Baca berita dengan sedikit iklan, klik di sini
TEMPO.CO, Jakarta - Kepala Kantor Komunikasi Presiden (PCO) Hasan Nasbi mengatakan efisiensi anggaran tidak dilakukan kepada kebutuhan dasar pegawai atau pelayanan publik. Pemangkasan anggaran dilakukan untuk seremonial kantor, seminar luar negeri dan agenda akhir tahun yang dipandang publik menghabiskan anggaran. “Banyak informasi seolah efisiensi dilakukan kepada kebutuhan dasar pegawai atau layanan publik.
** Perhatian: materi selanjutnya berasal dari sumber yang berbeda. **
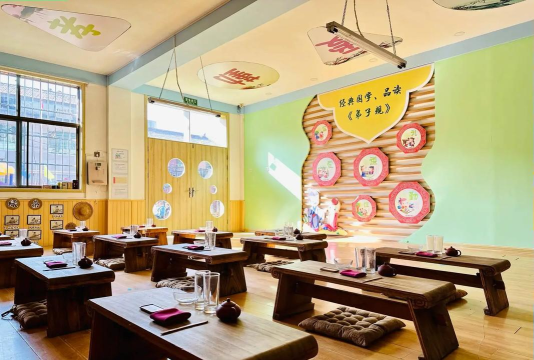 青岛市市北区工业集团总公司幼儿园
Padahal, yang jelas merupakan ‘lemak’ itu seperti seremonial kantor hingga seminar luar negeri,” kata Hasan dalam keterangannya pada Kamis, 13 Februari 2025.
Pemangkasan anggaran tercantum dalam Instruksi Presiden (Inpres) Nomor 1 Tahun 2025 tentang Efisiensi Belanja dan Pelaksanaan APBN dan APBD Tahun Anggaran 2025 yang dikeluarkan pada 22 Januari 2025. Prabowo menargetkan efisiensi sebesar Rp 306,6 triliun.
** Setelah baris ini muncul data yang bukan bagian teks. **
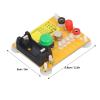 Voltage Reference Module 4-Channel Programmable with Micro USB, AD584K Benchmark Precision Calibration Source Board for Multimeters 3458A 8 and A Half Digit Multimeter view 2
Hasan menuturkan pemangkasan ini hanya berfokus pada ‘lemak’ APBN. Karena itu, kata dia, tidak akan mengganggu otot dari APBN seperti kebutuhan belanja pegawai, layanan dasar pegawai, bantuan sosial, dan pelayanan publik.
Namun, pada kenyataannya, terdapat kementerian dan lembaga pelayanan publiknya bakal terdampak pemangkasan anggaran pemerintah. Berikut antara lain kementerian dan lembaga yang pelayanan publiknya berpotensi terkena imbas pemangkasan anggaran.
Kemendiktisaintek: Pemangkasan Anggaran akan Mempengaruhi Pelaksanaan Program
Kementerian Pendidikan Tinggi, Sains, dan Teknologi (Kemendiktisaintek) adalah salah satu kementerian yang terkena pemangkasan anggaran. Sekretaris Jenderal Kemendiktisaintek Togar M. Simatupang sebelumnya mengatakan kementeriannya terkena pemangkasan anggaran sebesar Rp 22,5 triliun dari total pagu anggaran 2025 Rp 57,6 triliun.
Pemangkasan anggaran Kemendiktisaintek tersebut akan mempengaruhi pelaksanaan berbagai program yang sebelumnya sudah berjalan, seperti dana beasiswa, riset, dan bahkan bisa berdampak pada kenaikan uang kuliah tunggal atau UKT.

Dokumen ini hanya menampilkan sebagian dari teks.